Army Weight Control Program Glossary
Section I Abbreviations
AD: active duty
ADS: active duty support
ADT: active duty for training
AGR: Active Guard/Reserve
APFT: Army Physical Fitness Test
ARNG: Army National Guard
AWCP: Army Weight Control Program
CG: commanding general
CNGB: Chief, National Guard Bureau
DA: Department of the Army
DODI: Department of Defense instruction
ETS: expiration term of service
HRC: Human Resources Command
IRR: Individual Ready Reserve
MACOM: major Army command
MEB: medical evaluation board
NCO: noncommissioned officer
PCS: permanent change of station
PEB: physical evaluation board
RC: Reserve Component
TDY: temporary duty
TPU: troop program unit
TRADOC: U.S. Army Training and Doctrine Command
USAR: U.S. Army Reserve
Section II Terms
Body composition: The human body is composed of two major elements: lean body mass (which includes muscle, bone, and essential organ tissue) and body fat. Body fat is expressed as a percentage of total body weight that is fat. For example, an individual who weighs 200 pounds and 18 percent body fat has 36 pounds of fat. Women generally have a higher percentage of body fat than men because of genetic and hormonal differences; thus, body fat standards differ among men and women by age groups.

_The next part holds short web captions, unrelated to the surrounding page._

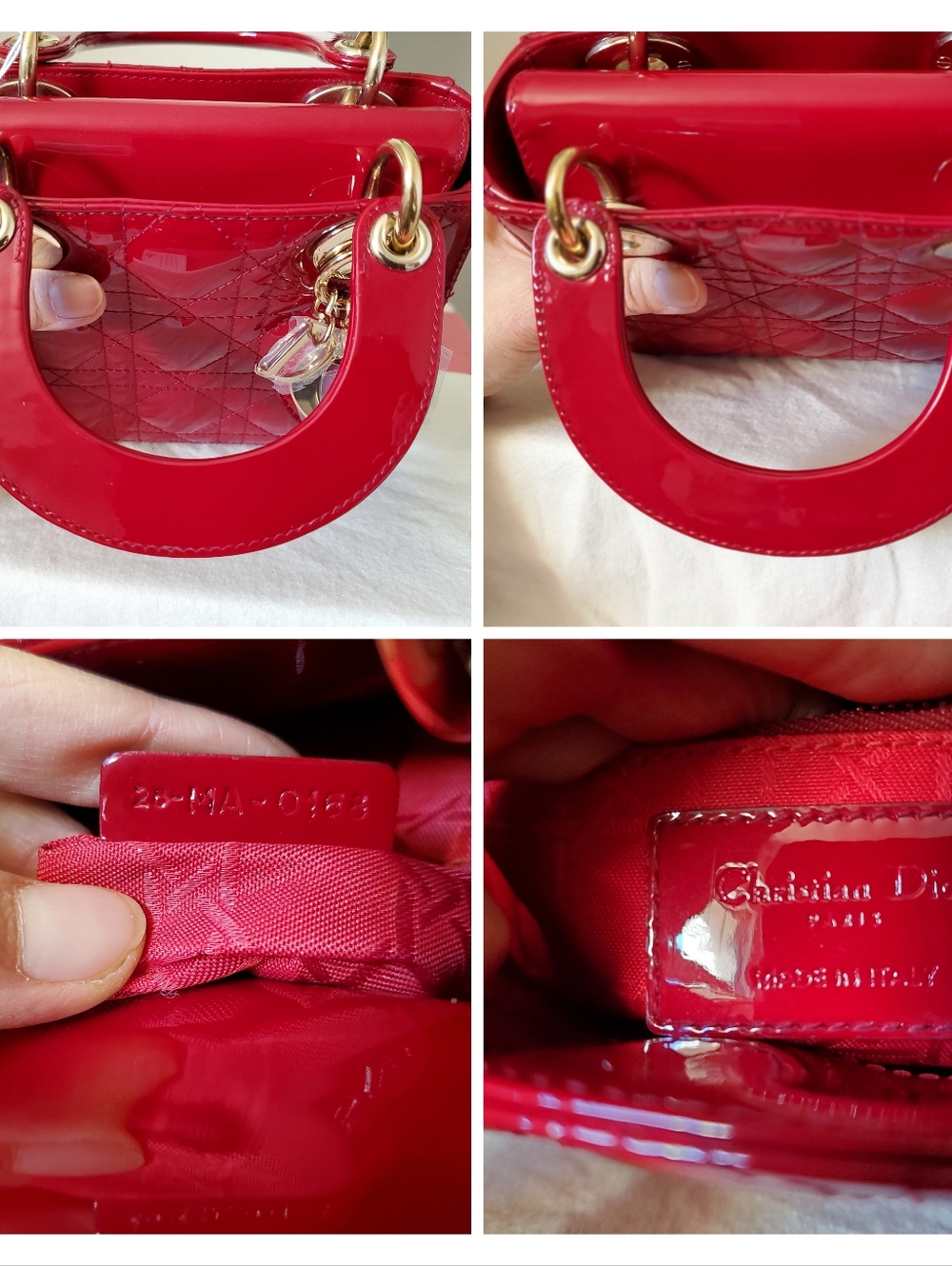 Lady DIOR minj Red Patent Gold Hwbag - Picture 2 of 7
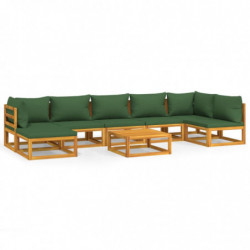 8-tlg. Garten-Lounge-Set mit Grünen Kissen Massivholz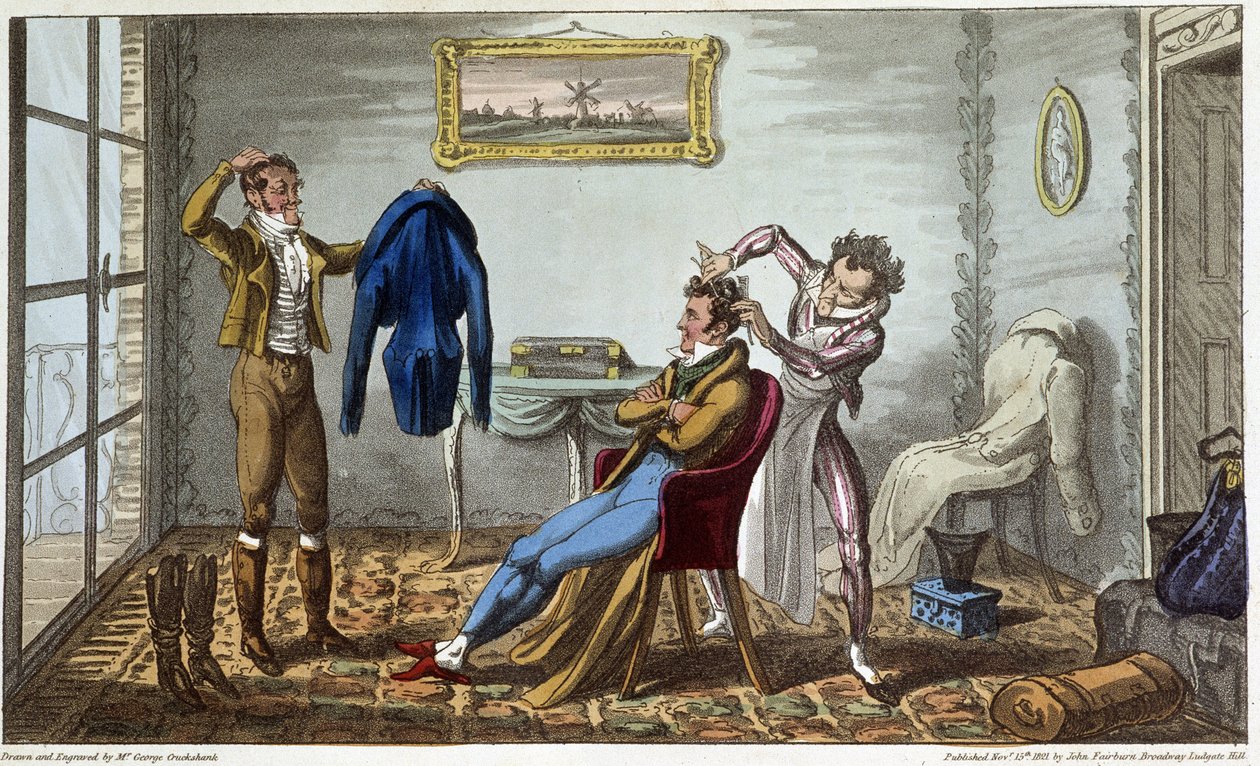 Tailleur et coiffeur à domicile - David Carey „" Élet Párizsban" című részében, ill. szerző: George Cruikshank, szerk. Fairburn, London alkotó: George Cruikshank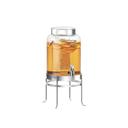 Cal-Mil Soho Silver Base Round Glass Beverage Dispenser with Ice Chamber, 10 x 12 x 20.5 inch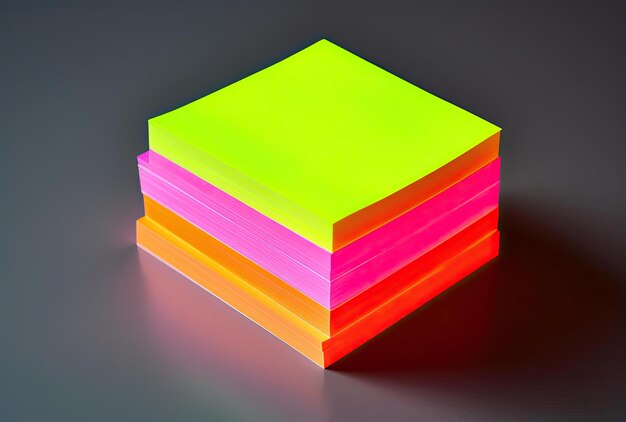 Photo pack of assorted colored sticky notes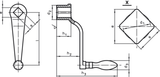 Crank Handles DIN 468 goose-neck form with square end DIN 79 - 24330.0360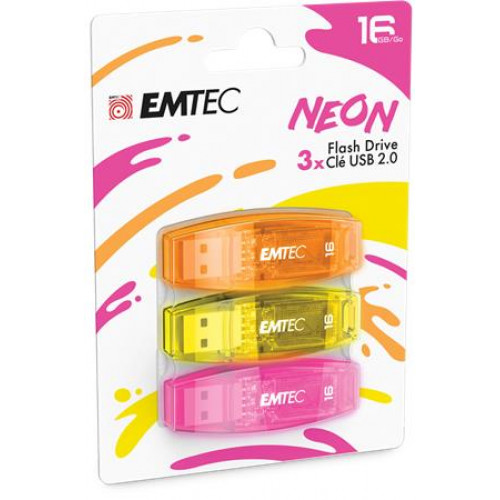 Emtec Pendrive 16GB 3 db USB 2.0 C410 Neon narancs citromsárga rózsaszín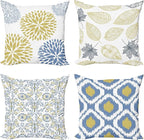 Ambesonne Vintage Throw Pillow Cushion Case Pack of 4, Bohemian Ornamental Leaves Dahlia Pattern Geometric Art Curlicue Motif, Modern Accent Double-Sided Digital Printing, 24", Mustard Dark Ceil Blue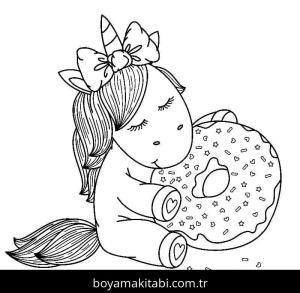 Donut boyama sayfası – boyama çalışması, yaratıcılığı geliştirir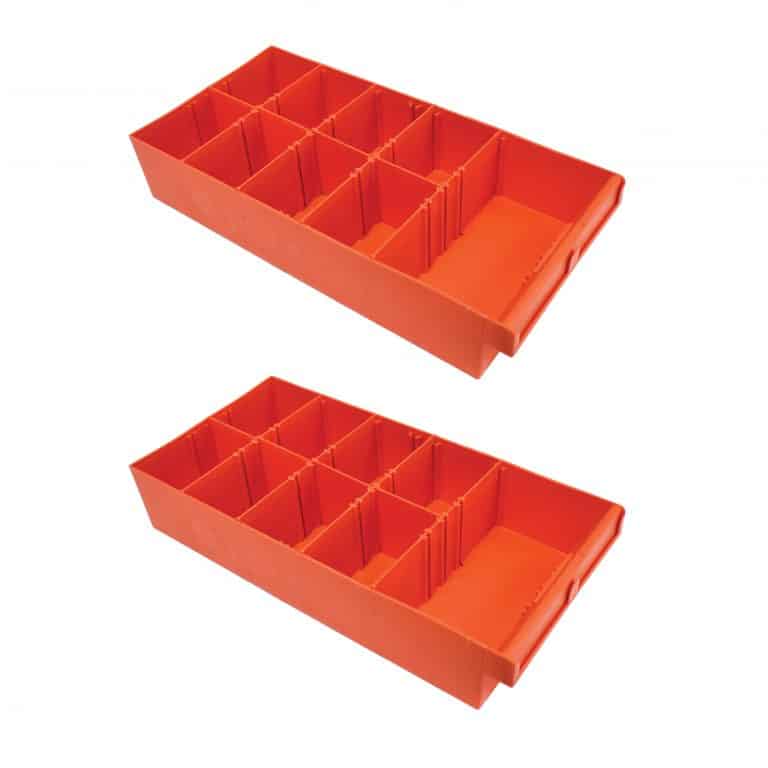 Rolacase Rp428/2 Extra-Large Orange Shelf Bins, Pair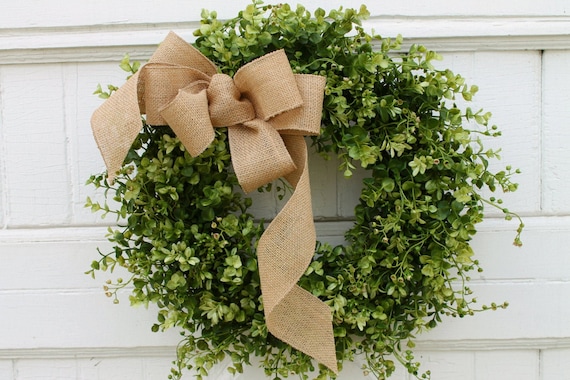 Rustic Window Frame with Greenery Wreath and Burlap Bow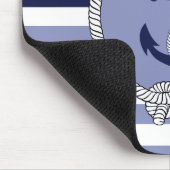 Nautischer Anker/Seamanknoten/Hauptmann/Streifen Mousepad (Ecke)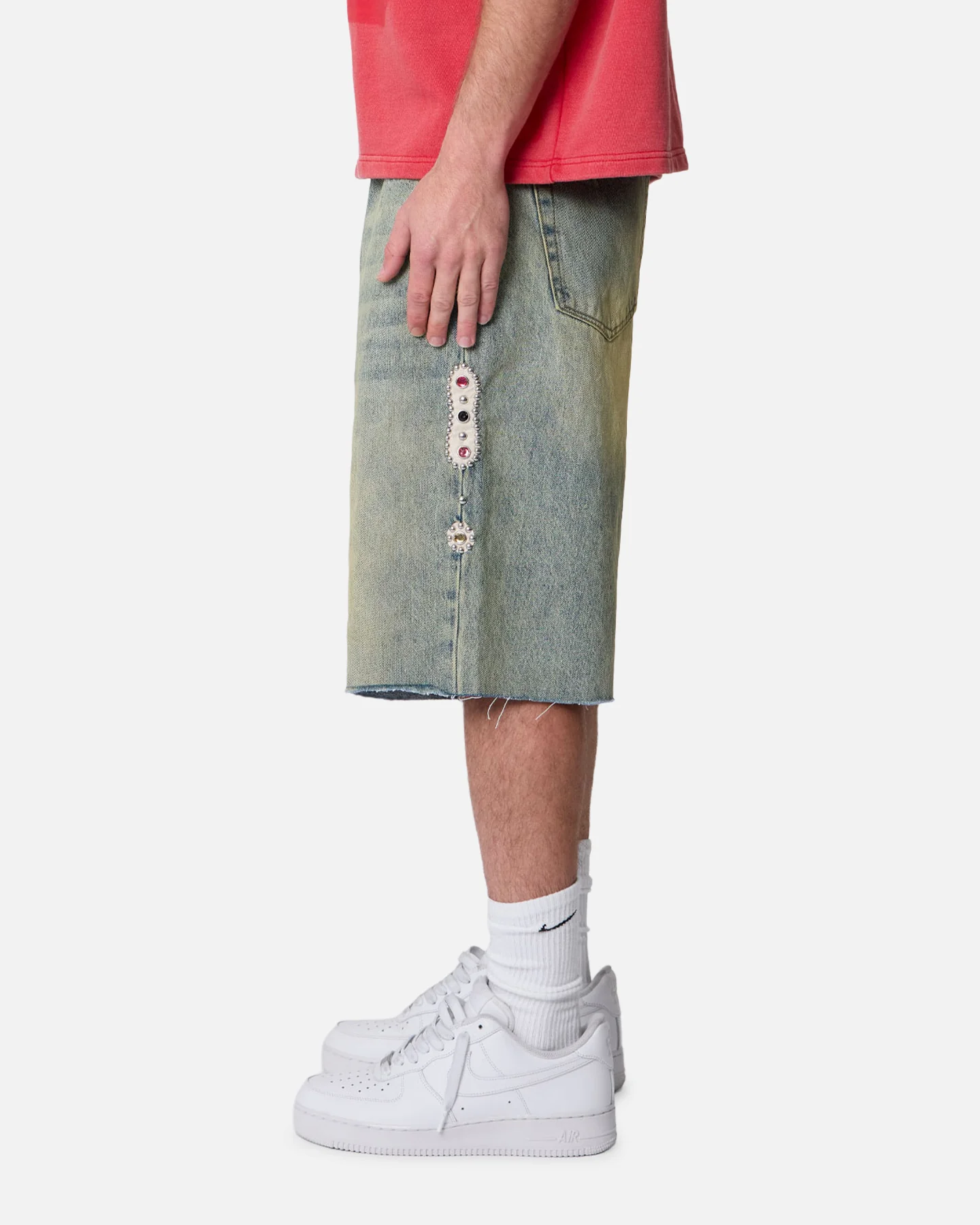 MNML Baggy Mojave Denim Shorts Blue - Image 3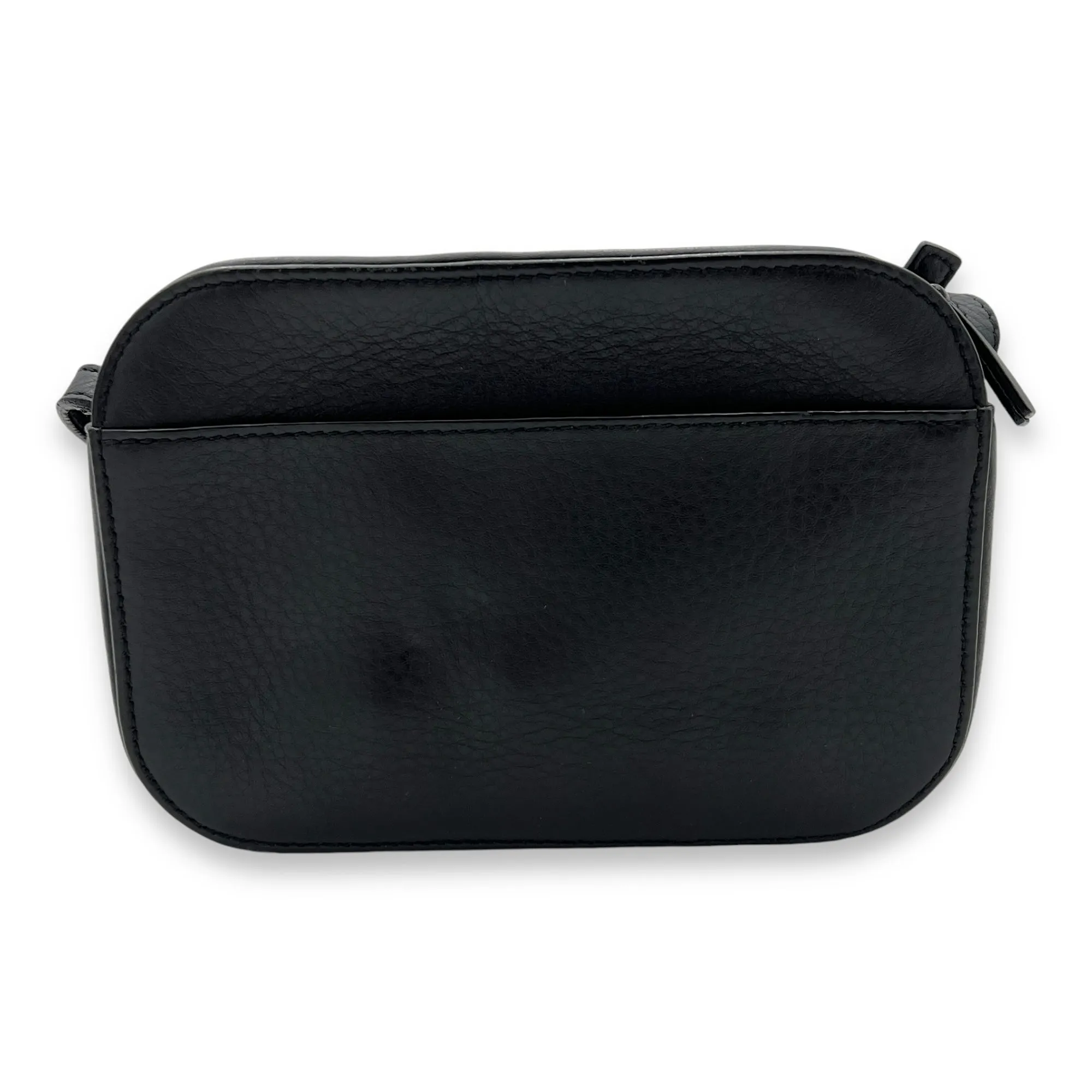 I Love Techno XS Everyday Camera Black Crossbody Bag in Calfskin, Silver hardware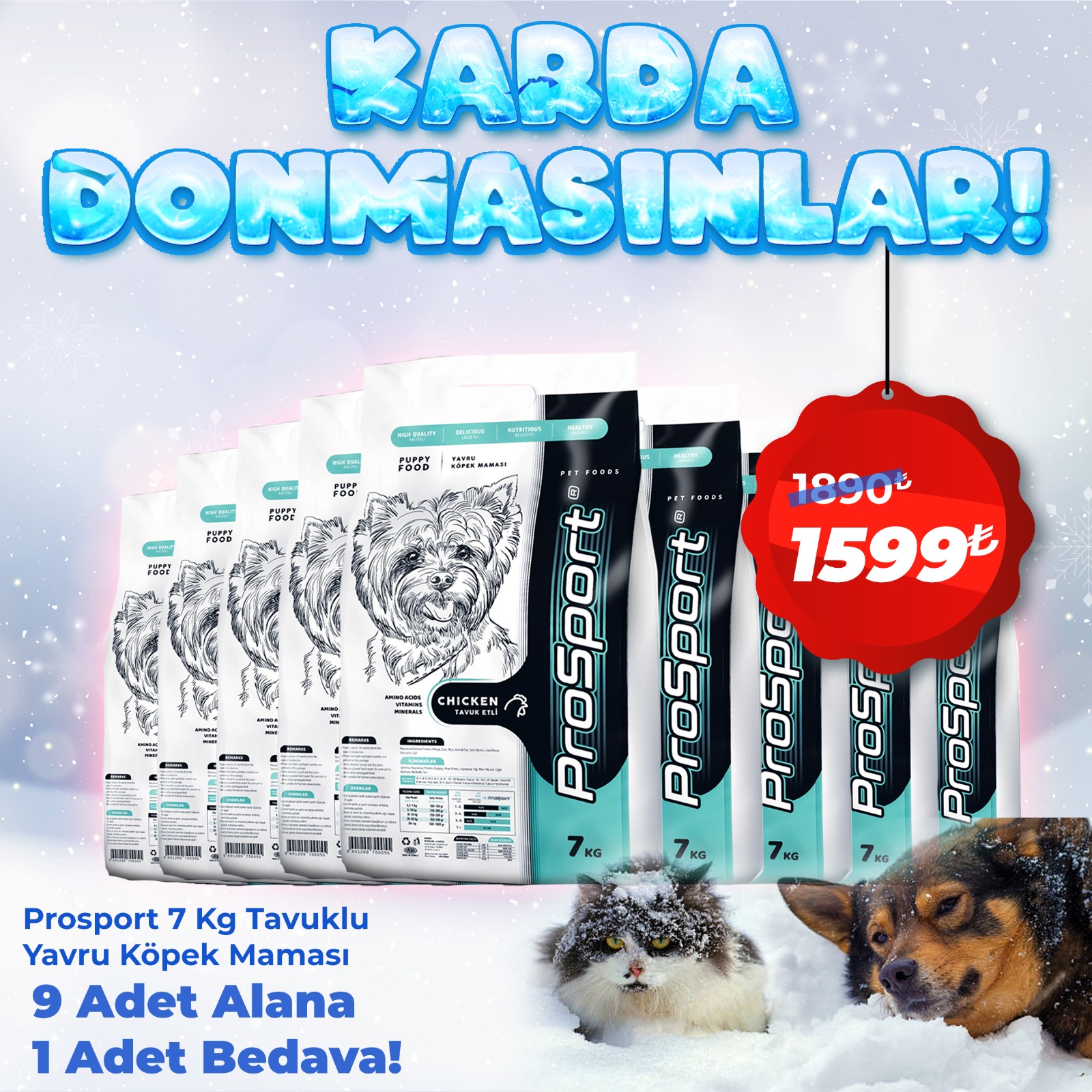 Prosport 7 Kg Tavuklu Yavru Köpek Maması 9 Alana 1 Bedava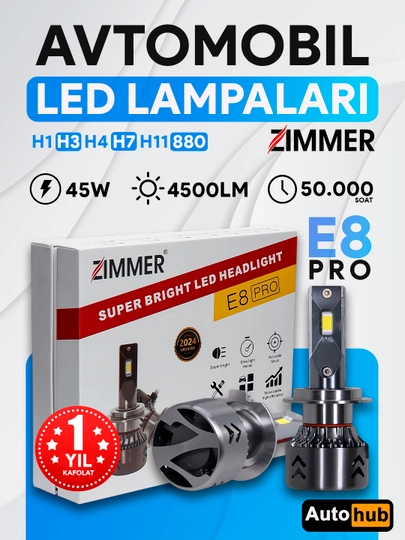 Zimmer LED лампы E8 PRO и E9 PRO, дальний и ближний свет, передние фары, противотуманные — АВТОХАБ-ZIMMER-БЕЛЫЙ-880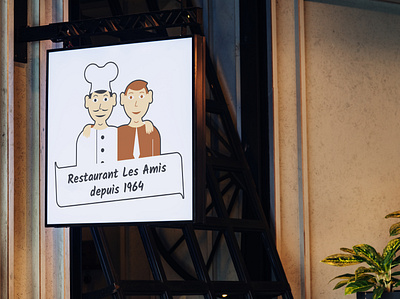 Restaurant Les Amis branding design logo mockup restaurant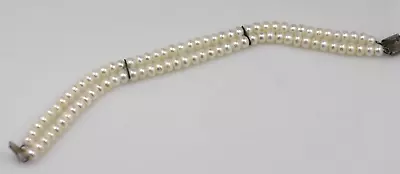 VINTAGE Double Strand White Cultured Freshwater Pearl 925 Box Clasp Bracelet 7  • $14.50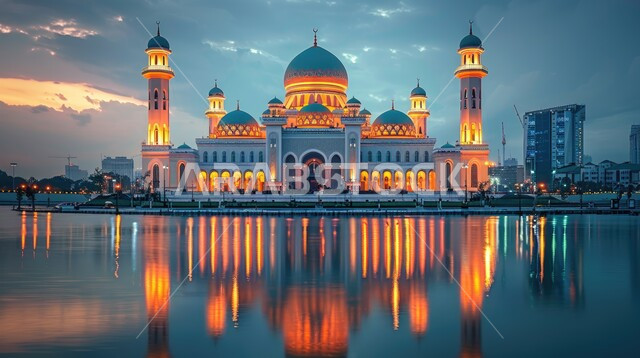 مفهوم العبادة والتقرب إلى الله تعالى، الساحة الخارجية لمسجد عريق، الديكورات والتصاميم الهندسية المعمارية لبناء المساجد في المملكة العربية السعودية، معالم وأماكن اسلامية مقدسة، المآذن والقبب على الطراز الإسلامي العصري الحديث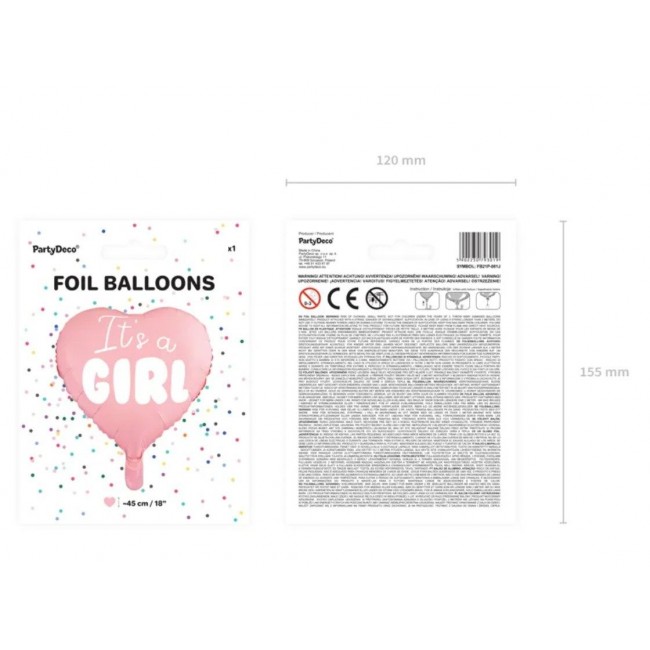 Party Deco - Balon srce It's a girl rozi Party Deco - Balon srce It's a girl rozi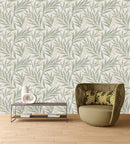 Fashionable Grey Leaves Wallpaper Chic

Health care personnel: Trained physicians (military or civilian employees or contract personnel), physician’s assistants, registered nurses, dieticians, and physical/occupational therapists under supervision of the unit surgeon or the commander of the medical treatment facility. For the purpose of this regulation, this term includes personnel of U.S. forces and host nations.
Overweight: A Soldier is considered overweight when his or her percent body fat exceeds the standard specified in paragraph 3–1c of this regulation.
Professional military or civilian schooling: This includes all individual training courses beyond initial entry training. It does not include unit training involving crews and teams. Initial entry training includes basic branch course or equivalent for officers; warrant officer entry course for nonprior service personnel; and basic training, advanced individual training,, one station unit training, and one station training for enlisted personnel.
Satisfactory progress: Progressing toward a point to meet the body fat standards described in paragraph 3–1c. Weight loss of 3 to 8 pounds per month is required for satisfactory progress.
Weight control: An individual program by which each Soldier attains and maintains an acceptable weight and body composition through self-motivation or involvement in an official weight control program.